John W. Gioscio
Nov 11, 1935 to Oct 3, 2017
Elkhart – John Gioscio, 81, passed away Tuesday, October 3 at Woodland Manor in Elkhart. He was born on November 11, 1935 to Ferdinand and Elizabeth (Mellon) Gioscio in Indianapolis both who preceeded him in death. He was united in marriage to Janet M. Wood, who preceded him in death in 1998. He is survived by his 4 children, Vicki Schwab (Steve) of South Bend; Fred of Indianapolis; John (Liz) of Yucca Valley, CA and Jeffrey (Mary Ann) of Zionsville, and 6 grandchildren, Dominic Schwab of Chicago, Maria Schwab of Indianapolis, Annmarie Gioscio of Yucca Valley, CA; Joseph Gioscio (Julie) stationed in HI with the U.S. Marines; Noah Gioscio and Jonah Gioscio, both of Zionsville; 3 nephews, Michael Collisi of Reddington Shores, FL; David Collisi (Jane) of Coatesville and Steve (Leanna) Collisi of Roachdale along with many great nieces, great nephews and cousins.
John grew up on the east side of Indianapolis and was a member of Holy Cross Catholic Church where he also attended grade school and was an altar server. In 1953 he graduated from Arsenal Technical High School.
On November 10, 1956, he married Janet M. Wood at St. Michael the Archangel parish and a few years later they moved to the west side of Indianapolis where he lived until his wife’s death in 1998. Shortly after her death, he moved to South Bend to be closer to his daughter and her family, relocating his business, Gioscio Painting and Decorating which he had established in 1973.

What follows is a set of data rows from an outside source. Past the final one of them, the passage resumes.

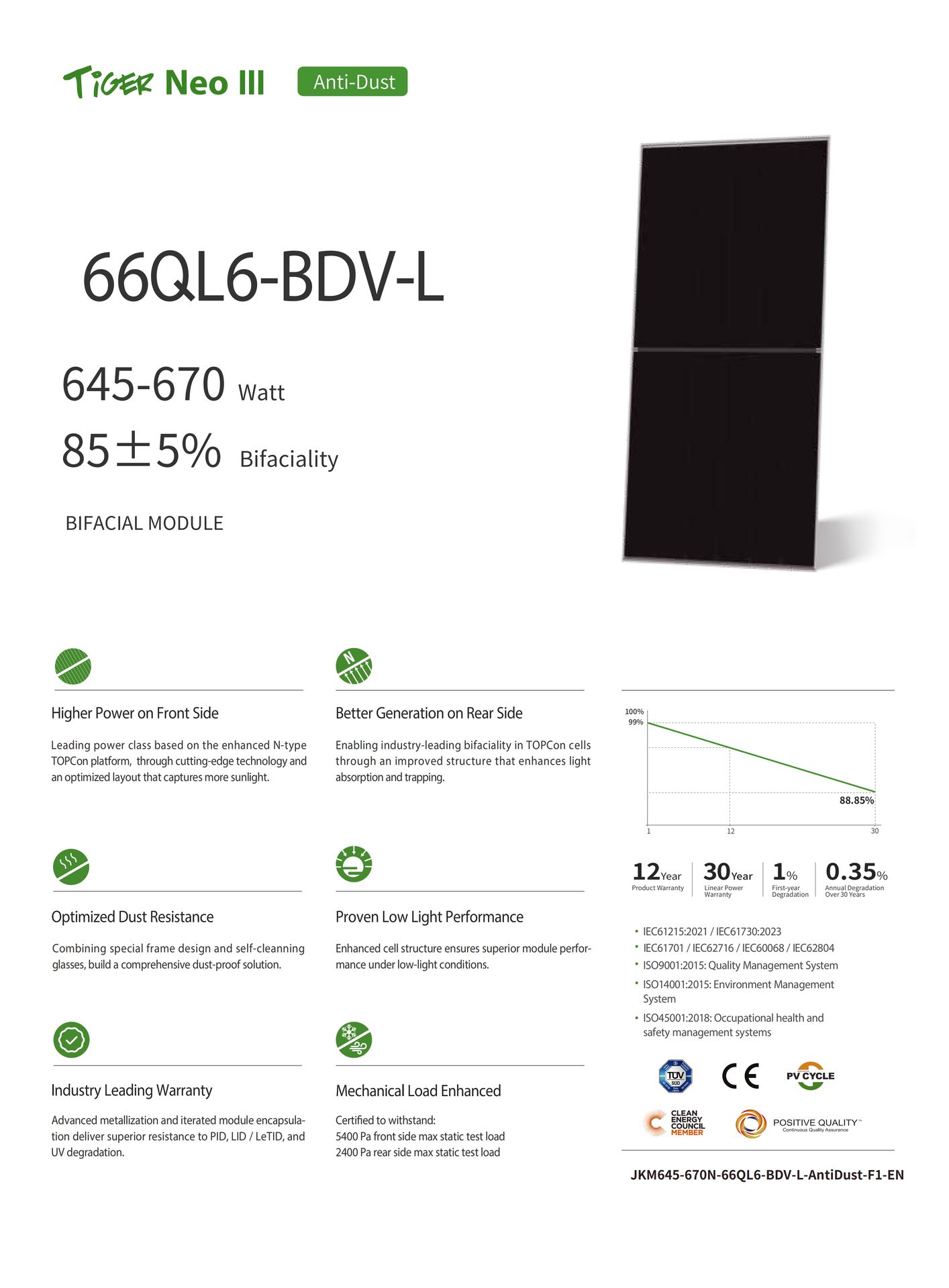 JKM645-670N-66QL6-BDV-L-AntiDust-F1 Product Details
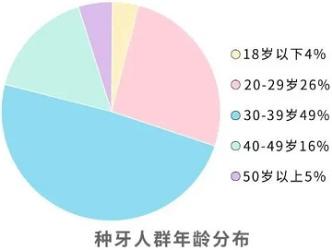 一吃饭就塞牙，竟然暗示了这种疾病？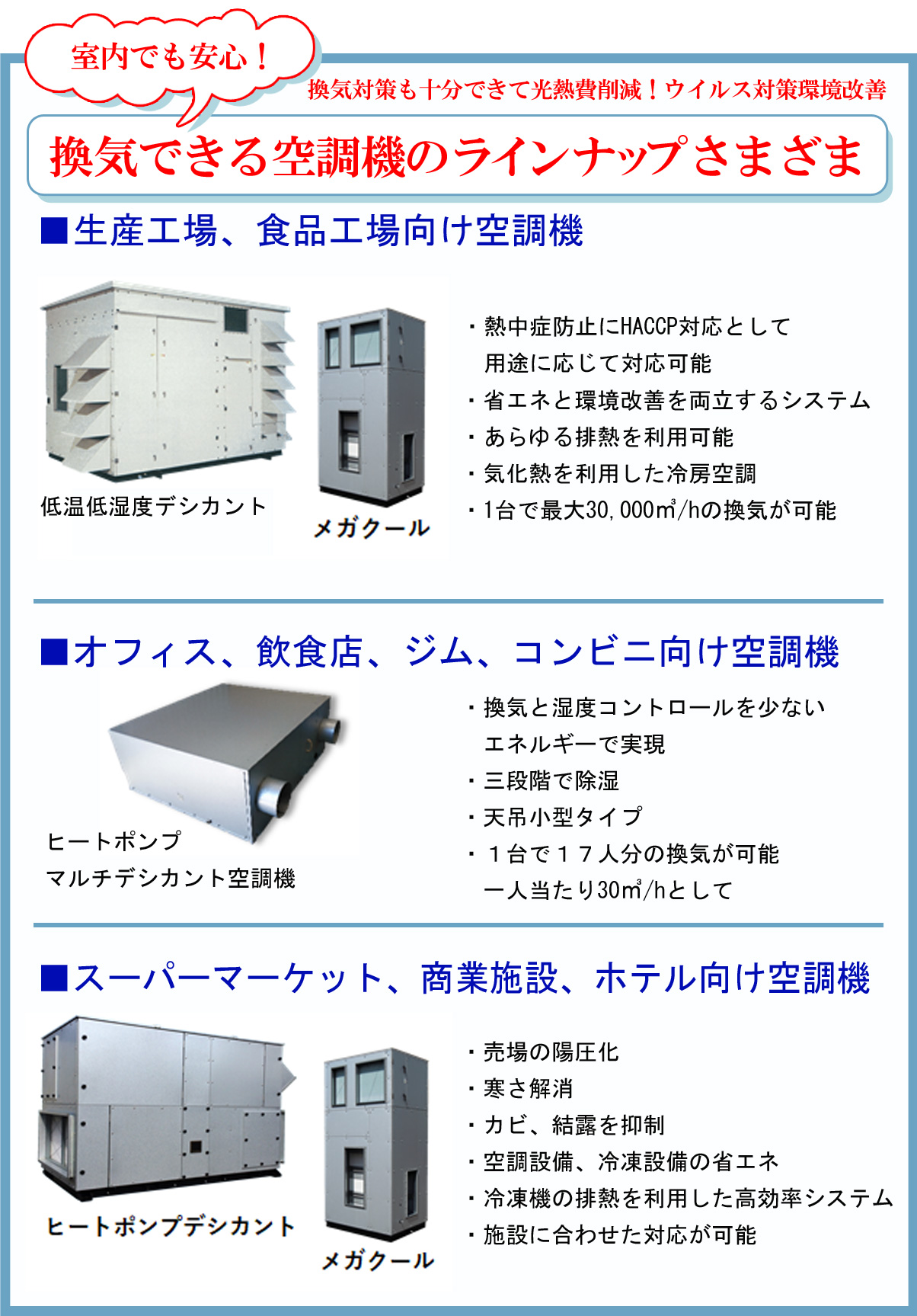 
全国のお客様から「問題が解決できた！」とお喜び頂いております。
元々換気設備があったが、回すと蒸し暑くなるので止めていた。
今回設備を更新して換気しながら冷房除湿、暖房加湿ができて、快適になった。
電気代が思ったよりも安くてよかった！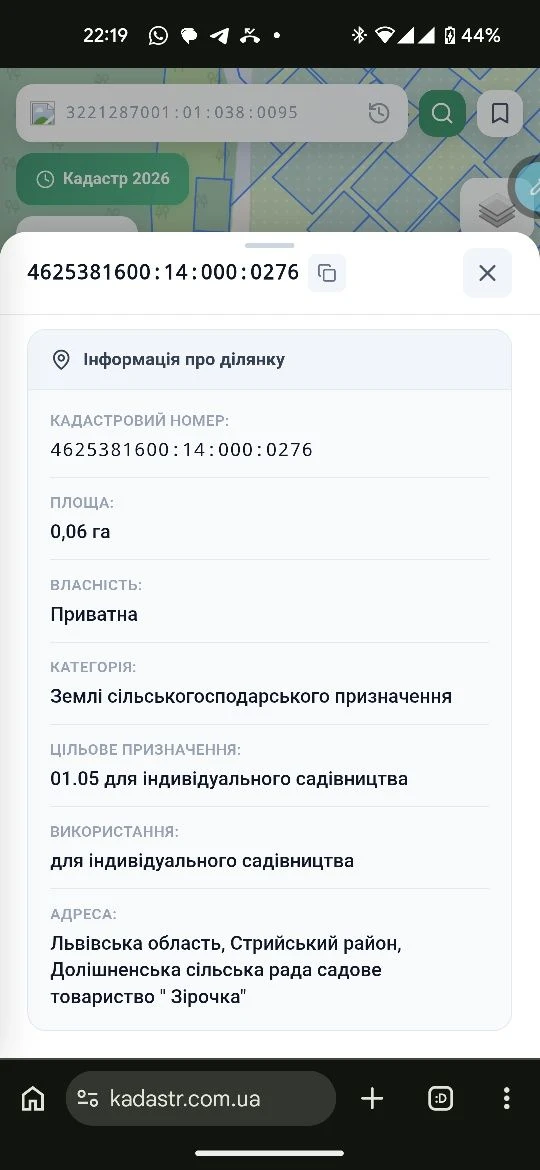 Земельна ділянка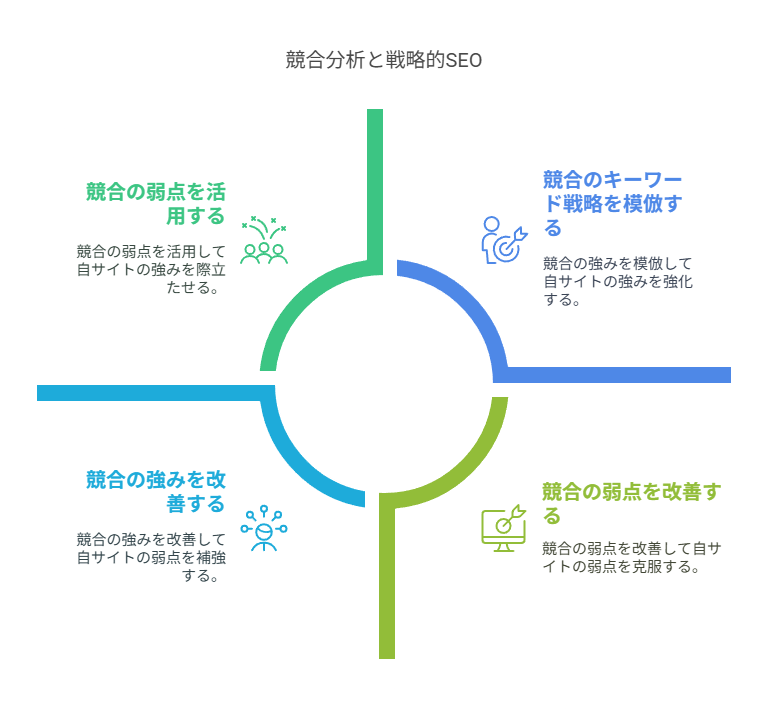 SEOツールって何のために使うのかの解説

A great love of art particularly Italian Renaissance style was instilled in John by his grandfather, a fresco painter who had passed away before John was born. Many people remarked at John’s arsenal of knowledge in the field of history. It was often said that John knew so much about history that he could have been a college professor, he just didn’t have the proper paperwork. His one regret was not having a college degree. John’s family, large and Italian, were early immigrants to Indianapolis and were featured in a public television program which focused on Indianapolis Italians in the early 20th century. He was very honored to be a part of this because he was so proud of his Italian heritage. John tried as often as he could to go to daily Mass and to be a daily communicant.